(Stored data entries)
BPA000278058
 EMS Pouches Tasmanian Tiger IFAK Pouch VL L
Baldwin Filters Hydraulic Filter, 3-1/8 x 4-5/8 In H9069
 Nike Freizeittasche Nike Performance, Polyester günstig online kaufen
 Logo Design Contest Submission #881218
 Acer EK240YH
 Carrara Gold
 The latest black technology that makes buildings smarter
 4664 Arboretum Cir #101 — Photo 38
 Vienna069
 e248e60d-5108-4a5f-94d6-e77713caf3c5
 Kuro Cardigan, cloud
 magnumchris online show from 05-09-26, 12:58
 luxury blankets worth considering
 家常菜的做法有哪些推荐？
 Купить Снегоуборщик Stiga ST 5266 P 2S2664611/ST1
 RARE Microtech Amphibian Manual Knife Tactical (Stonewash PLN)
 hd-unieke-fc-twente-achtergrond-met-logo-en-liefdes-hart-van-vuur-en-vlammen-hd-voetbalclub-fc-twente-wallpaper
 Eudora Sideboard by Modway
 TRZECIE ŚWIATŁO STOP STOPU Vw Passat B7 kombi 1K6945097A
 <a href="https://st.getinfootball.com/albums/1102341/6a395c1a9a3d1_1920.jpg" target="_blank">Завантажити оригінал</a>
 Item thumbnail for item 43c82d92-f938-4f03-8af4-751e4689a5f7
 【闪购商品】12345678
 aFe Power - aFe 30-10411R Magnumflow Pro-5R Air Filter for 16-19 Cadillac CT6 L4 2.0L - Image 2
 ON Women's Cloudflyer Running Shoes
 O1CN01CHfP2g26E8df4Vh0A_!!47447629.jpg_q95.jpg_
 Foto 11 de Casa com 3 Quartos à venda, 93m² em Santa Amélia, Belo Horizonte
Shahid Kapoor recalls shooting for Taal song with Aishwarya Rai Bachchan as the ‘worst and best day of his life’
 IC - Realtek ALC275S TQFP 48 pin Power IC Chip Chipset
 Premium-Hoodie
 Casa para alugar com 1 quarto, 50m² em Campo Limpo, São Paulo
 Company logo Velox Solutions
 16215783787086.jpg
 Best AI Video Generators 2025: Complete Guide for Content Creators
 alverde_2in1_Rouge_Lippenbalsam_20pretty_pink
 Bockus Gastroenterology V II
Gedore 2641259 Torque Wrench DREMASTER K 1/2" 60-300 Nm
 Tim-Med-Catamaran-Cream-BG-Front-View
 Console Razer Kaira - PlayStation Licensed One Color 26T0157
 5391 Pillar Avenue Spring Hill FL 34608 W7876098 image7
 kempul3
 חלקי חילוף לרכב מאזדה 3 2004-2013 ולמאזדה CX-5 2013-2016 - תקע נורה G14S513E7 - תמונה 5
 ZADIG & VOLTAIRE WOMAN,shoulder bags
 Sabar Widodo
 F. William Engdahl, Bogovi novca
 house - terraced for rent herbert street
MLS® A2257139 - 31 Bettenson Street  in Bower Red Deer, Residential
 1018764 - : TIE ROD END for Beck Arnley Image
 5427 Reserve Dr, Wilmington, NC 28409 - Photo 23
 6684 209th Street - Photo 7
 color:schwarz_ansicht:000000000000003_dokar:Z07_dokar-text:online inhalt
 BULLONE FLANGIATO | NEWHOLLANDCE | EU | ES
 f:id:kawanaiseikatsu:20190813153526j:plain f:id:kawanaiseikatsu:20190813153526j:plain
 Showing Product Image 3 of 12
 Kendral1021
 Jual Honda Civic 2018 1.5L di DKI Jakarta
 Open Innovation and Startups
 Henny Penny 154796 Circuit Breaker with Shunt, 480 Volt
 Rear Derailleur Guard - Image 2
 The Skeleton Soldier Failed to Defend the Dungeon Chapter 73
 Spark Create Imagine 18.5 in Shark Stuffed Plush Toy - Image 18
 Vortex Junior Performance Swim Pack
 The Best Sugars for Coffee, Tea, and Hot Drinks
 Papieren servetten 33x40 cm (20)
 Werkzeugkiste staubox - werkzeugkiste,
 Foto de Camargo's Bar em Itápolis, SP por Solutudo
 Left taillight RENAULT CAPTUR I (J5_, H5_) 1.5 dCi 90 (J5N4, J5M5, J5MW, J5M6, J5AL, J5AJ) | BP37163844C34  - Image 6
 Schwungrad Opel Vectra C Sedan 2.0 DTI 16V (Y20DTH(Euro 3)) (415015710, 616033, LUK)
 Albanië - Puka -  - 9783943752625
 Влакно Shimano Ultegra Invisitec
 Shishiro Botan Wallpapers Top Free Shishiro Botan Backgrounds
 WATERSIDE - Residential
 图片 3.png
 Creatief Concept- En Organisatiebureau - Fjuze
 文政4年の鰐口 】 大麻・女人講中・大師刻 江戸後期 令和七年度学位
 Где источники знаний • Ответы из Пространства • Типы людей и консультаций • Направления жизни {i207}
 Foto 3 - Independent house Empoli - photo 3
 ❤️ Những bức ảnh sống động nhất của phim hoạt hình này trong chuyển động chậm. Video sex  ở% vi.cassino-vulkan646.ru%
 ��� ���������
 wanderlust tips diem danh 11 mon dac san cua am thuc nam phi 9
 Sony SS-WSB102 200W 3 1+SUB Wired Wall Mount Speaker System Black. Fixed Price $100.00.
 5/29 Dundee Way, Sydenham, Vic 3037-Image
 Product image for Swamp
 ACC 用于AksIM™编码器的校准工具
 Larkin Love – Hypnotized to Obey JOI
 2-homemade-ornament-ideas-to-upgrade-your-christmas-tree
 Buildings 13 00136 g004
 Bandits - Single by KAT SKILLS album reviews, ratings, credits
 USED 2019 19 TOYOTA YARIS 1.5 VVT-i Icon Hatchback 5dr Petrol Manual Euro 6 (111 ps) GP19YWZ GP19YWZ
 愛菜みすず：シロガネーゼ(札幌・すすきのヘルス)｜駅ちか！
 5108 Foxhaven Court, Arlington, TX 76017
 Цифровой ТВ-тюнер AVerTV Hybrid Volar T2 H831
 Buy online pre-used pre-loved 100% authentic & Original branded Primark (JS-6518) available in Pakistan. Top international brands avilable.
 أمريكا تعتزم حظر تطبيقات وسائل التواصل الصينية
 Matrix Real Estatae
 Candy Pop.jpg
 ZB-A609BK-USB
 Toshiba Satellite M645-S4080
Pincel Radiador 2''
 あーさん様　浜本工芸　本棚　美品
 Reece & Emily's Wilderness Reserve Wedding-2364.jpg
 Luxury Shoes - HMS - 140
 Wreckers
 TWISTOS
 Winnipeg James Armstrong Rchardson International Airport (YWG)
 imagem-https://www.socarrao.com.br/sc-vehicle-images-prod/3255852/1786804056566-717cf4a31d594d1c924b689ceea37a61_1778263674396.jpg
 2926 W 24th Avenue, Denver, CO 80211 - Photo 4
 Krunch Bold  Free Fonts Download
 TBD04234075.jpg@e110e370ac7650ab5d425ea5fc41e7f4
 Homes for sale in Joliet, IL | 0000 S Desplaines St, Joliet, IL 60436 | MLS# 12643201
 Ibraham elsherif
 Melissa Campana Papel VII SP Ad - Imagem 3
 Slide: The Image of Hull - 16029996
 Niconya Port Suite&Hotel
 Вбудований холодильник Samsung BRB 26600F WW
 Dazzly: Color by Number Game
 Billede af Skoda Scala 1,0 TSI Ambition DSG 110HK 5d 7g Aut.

▶ _What this task involves_
Look back at the entries above and repeat, unchanged, every line from the line holding "Casa para alugar" through the line holding "Tim-Med-Catamaran-Cream-BG-Front-View".

▶ _Task answer_
 Casa para alugar com 1 quarto, 50m² em Campo Limpo, São Paulo
 Company logo Velox Solutions
 16215783787086.jpg
 Best AI Video Generators 2025: Complete Guide for Content Creators
 alverde_2in1_Rouge_Lippenbalsam_20pretty_pink
 Bockus Gastroenterology V II
Gedore 2641259 Torque Wrench DREMASTER K 1/2" 60-300 Nm
 Tim-Med-Catamaran-Cream-BG-Front-View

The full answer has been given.